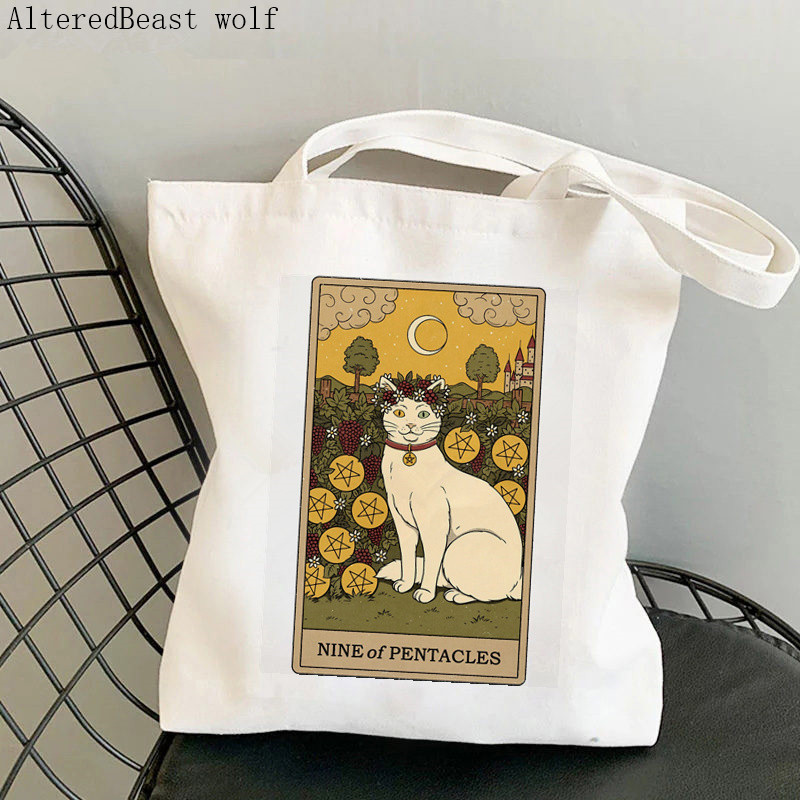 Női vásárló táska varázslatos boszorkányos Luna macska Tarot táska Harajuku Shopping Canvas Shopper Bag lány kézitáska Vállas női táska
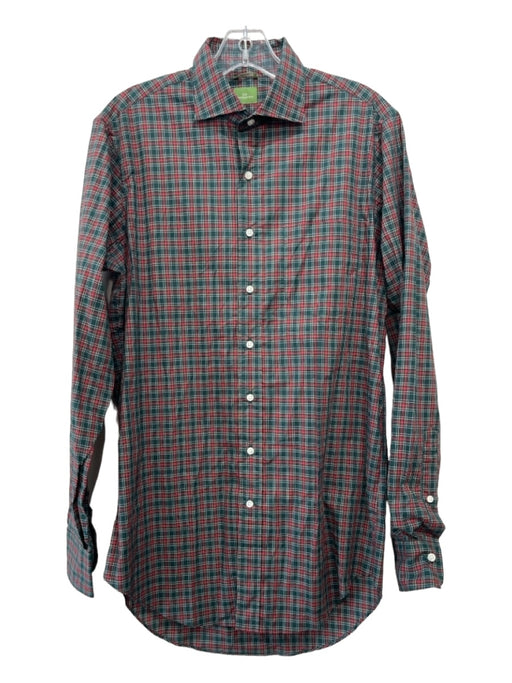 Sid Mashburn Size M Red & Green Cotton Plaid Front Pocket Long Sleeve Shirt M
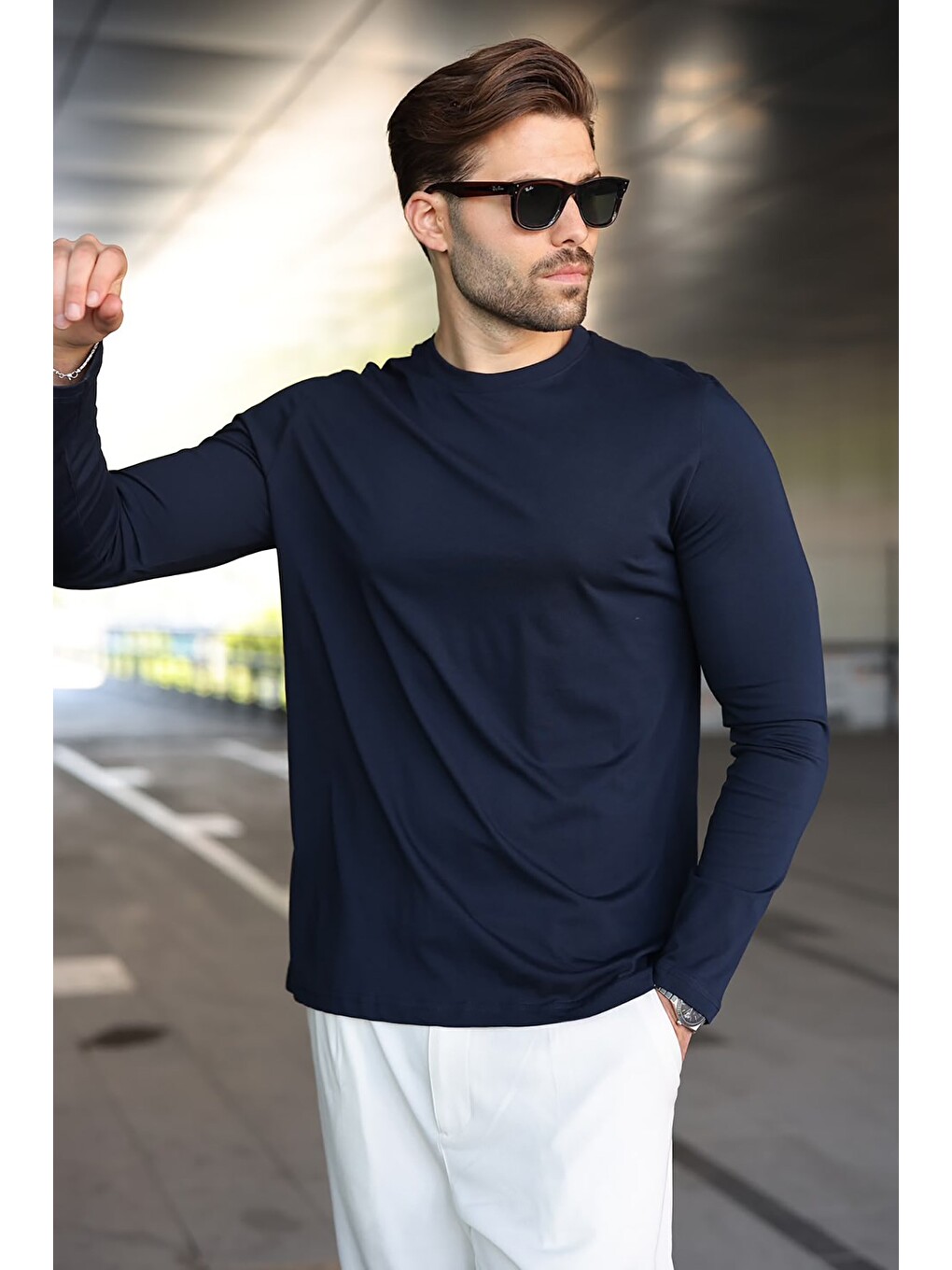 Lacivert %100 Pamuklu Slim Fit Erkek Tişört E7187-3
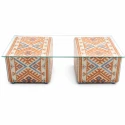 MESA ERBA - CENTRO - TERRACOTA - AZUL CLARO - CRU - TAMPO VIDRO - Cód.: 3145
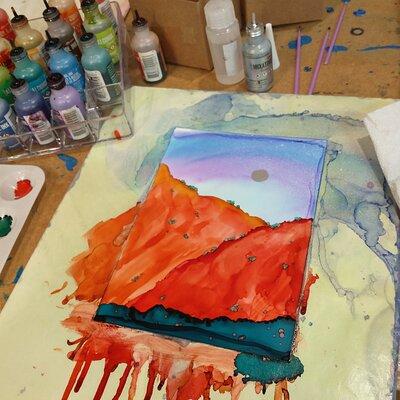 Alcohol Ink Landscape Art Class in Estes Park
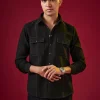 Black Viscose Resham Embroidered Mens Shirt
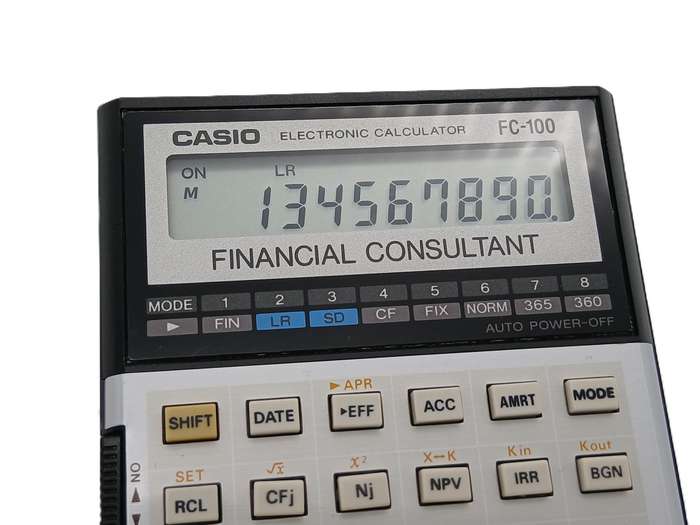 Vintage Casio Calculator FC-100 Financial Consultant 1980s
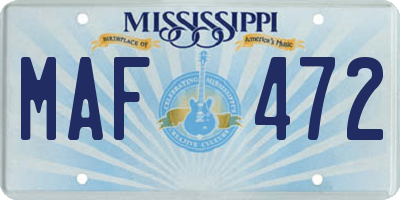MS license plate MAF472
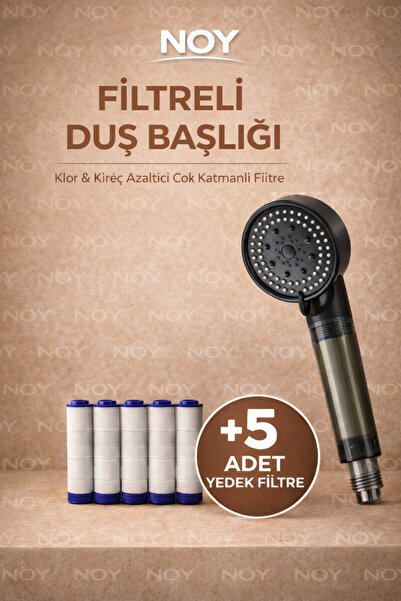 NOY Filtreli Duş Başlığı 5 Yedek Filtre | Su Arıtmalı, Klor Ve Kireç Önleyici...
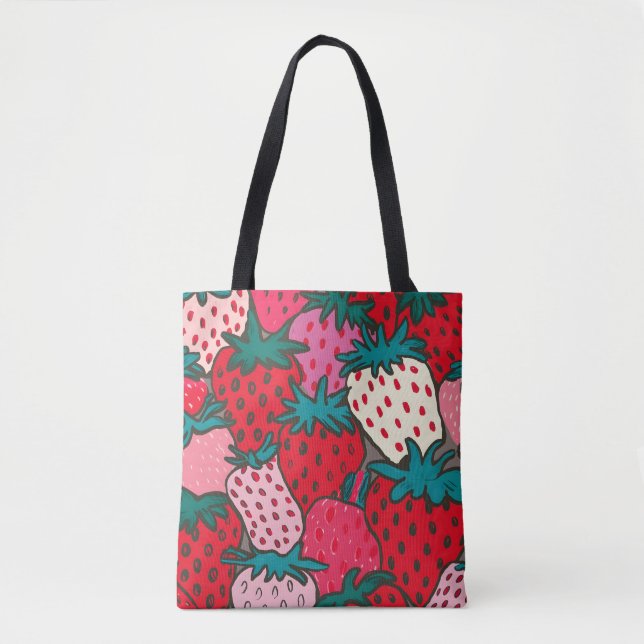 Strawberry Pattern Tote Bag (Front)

---------------

> Your instructions
Where a line contains "Sid Mashburn Size", begin there and set down exactly each line through the end of the data above, omitting any pictures.

> Answer
 Sid Mashburn Size M Red & Green Cotton Plaid Front Pocket Long Sleeve Shirt M
 Lacivert %100 Pamuklu Slim Fit Erkek Tişört E7187-3
 MESA ERBA - CENTRO - TERRACOTA - AZUL CLARO - CRU - TAMPO VIDRO - Cód.: 3145
 Alcohol Ink Landscape Art Class in Estes Park
 Black Viscose Resham Embroidered Mens Shirt
 Vintage Casio Calculator FC-100 Financial Consultant 1980s
MS license plate MAF472
 NOY Filtreli Duş Başlığı 5 Yedek Filtre | Su Arıtmalı, Klor Ve Kireç Önleyici...
 Strawberry Pattern Tote Bag (Front)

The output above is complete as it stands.